Afghan Talks: A Delicate Moment

Dispatches From The Edge

Conn Hallinan

Sept 17, 2010

Peace talks involving the Taliban and its allies are apparently underway, according to the Asia Times (AT), and from most accounts a deal appears doable. AT’s Pakistan bureau chief Syed Saleem Shahzad reported Sept. 11 and 15th that, under the auspices of the Pakistan military and intelligence services, “serious negotiations” were taking place, with Saudi Arabia serving as the go-between to the U.S.

That the antagonists are looking for a way out of the nine-year war is not surprising, given the deterioration of the security situation in Afghanistan and the rising tide of opposition in Europe and the U.S. to continuing the war. What is surprising is that at the same time as there looks to be a possible diplomatic breakthrough, the U.S. has launched a major military operation in Kandahar.

Is the new offensive a cover for the secret talks or an effort by the U.S. military to derail any possibility of serious negotiations?

According to the AT, while Afghan Taliban leader Mullah Omar has not been directly involved in the talks, according to a “Pakistan security official” the elusive cleric “has shown a positive and flexible attitude.” The talks also include Sirajuddin Haqqani, who has been a major thorn in the side of the occupation troops, particularly the U.S.

There are several sticking points, but none of them seem insurmountable. The Taliban want to talk about the 60 Afghans currently imprisoned in Guantanamo, while the U.S. wants to make sure al-Qaeda can no longer operate from within Afghanistan.

On the first point Pakistan appears hopeful that the U.S. will release the detainees. It “would be a good will gesture from the American side,” a Pakistani official told the AF, “and also set the stage for negotiations between the Taliban and Washington.”

Regarding al-Qaeda, the Taliban say they are willing to make sure that no “outside” forces use Afghanistan as a springboard to attack other nations. The Taliban have agreed to expel the terrorist organization, but they argue that al-Qaeda be given “honorable treatment.” What that means is not clear, but it is not likely to become a major sticking point. U.S. intelligence says al-Qaeda has virtually no presence in Afghanistan. According to Shahzad, the terrorist organization is more interested in the Central Asian “Stans” and southern Russia. On Sept 9, the group set off a bomb in the North Ossetian capital of Vladikavkaz that killed 18 people.

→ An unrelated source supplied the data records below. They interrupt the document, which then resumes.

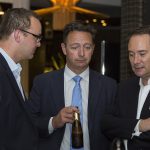 Q7 A1240 Photo Tobias Titz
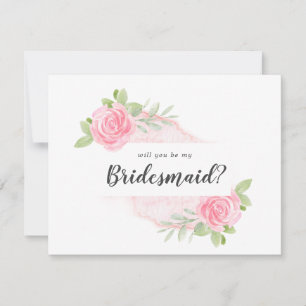 Frühlingspferd wird meine überhängende Note Card s Mitteilungskarte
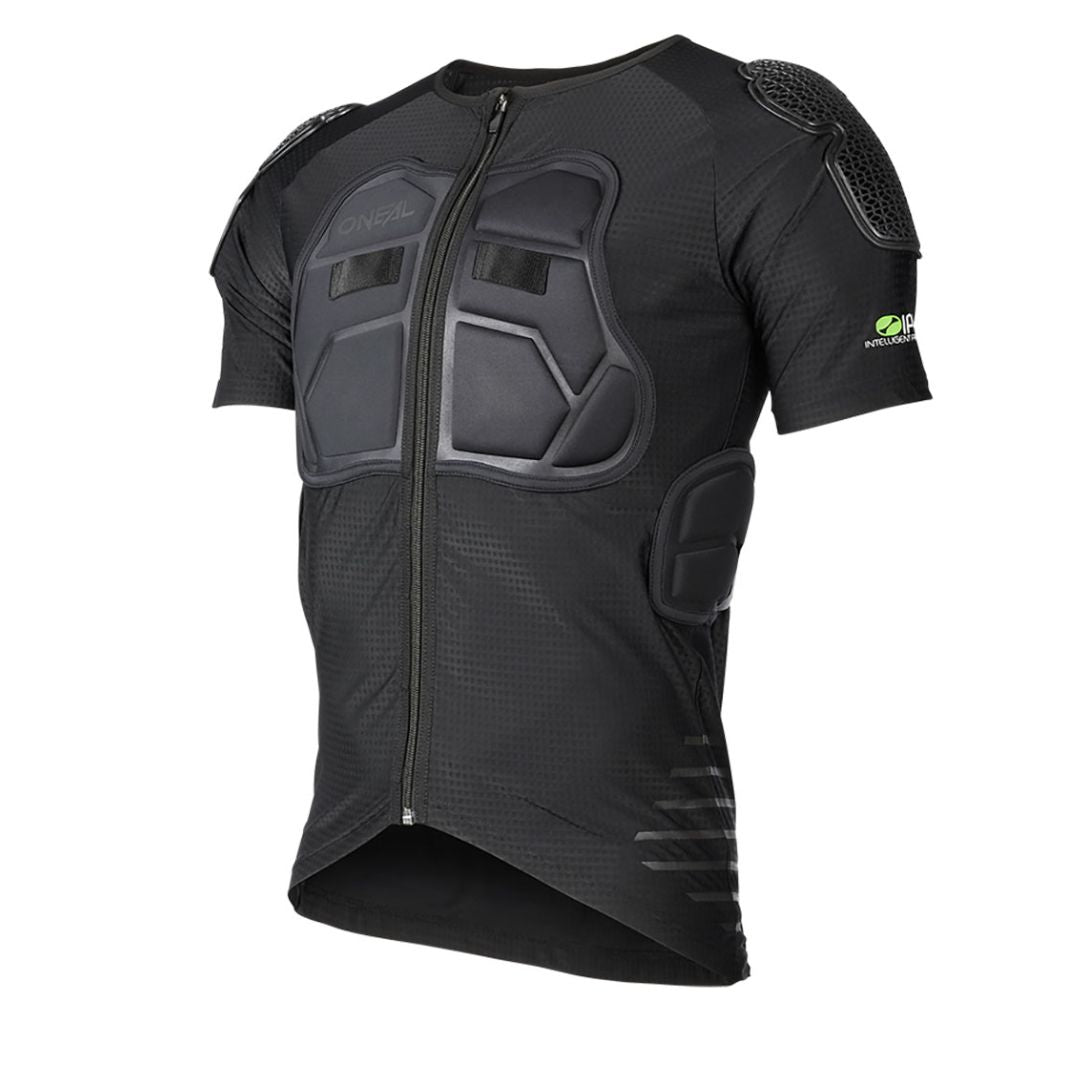 O’Neal STV Kurzarmshirt V.24 – Protektor-Shirt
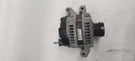 '16-'20 Chevrolet Camaro Alternator 2.0L 89K Miles Oem Year Warranty!. Fixed Price $85.50.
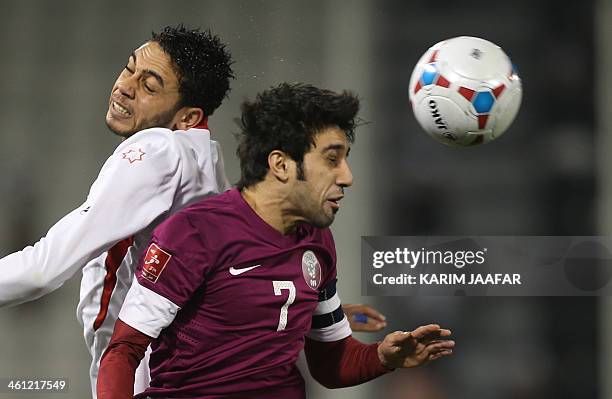 Said Ravanfar Football 91 Said Marjan Stock Photos, High-Res Pictures, and Images - Getty Images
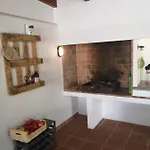 Patri Villa *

According to AT, al-Qaeda would rather get the U.S. out of Afghanistan than for it to have an in-country presence, and the organization would have no objection to the Taliban cutting a deal with Washington.

The Americans also want the right to keep troops in Northern Afghanistan, the home of its major in-country allies, the Northern Alliance, but, according to officials close to the talks, the Taliban want all foreign troops out.

The Taliban originally demanded the re-establishment of the Islamic Emirates of Afghanistan that existed at the time of the 2001 invasion. But in Ramadan talks held in the United Arab Emirates and Saudi Arabia, “Taliban representatives indicated a willingness to accept a more broad-based political setup in Afghanistan,” says Shahzad.

The Taliban are still hostile to some of their internal opponents, ranging from former mujahedeen leaders to men like General Abdul Rashid Dostrum of the Northern Alliance. However, according to Pakistan officials, the group is willing to work with other people associated with their opponents, provided “they have a clean reputation and have never been involved in bloodshed.” The “clean reputation” refers to graft. As for the “bloodshed,” all sides have at one point or the other fought one another, so it is unclear what the Taliban mean.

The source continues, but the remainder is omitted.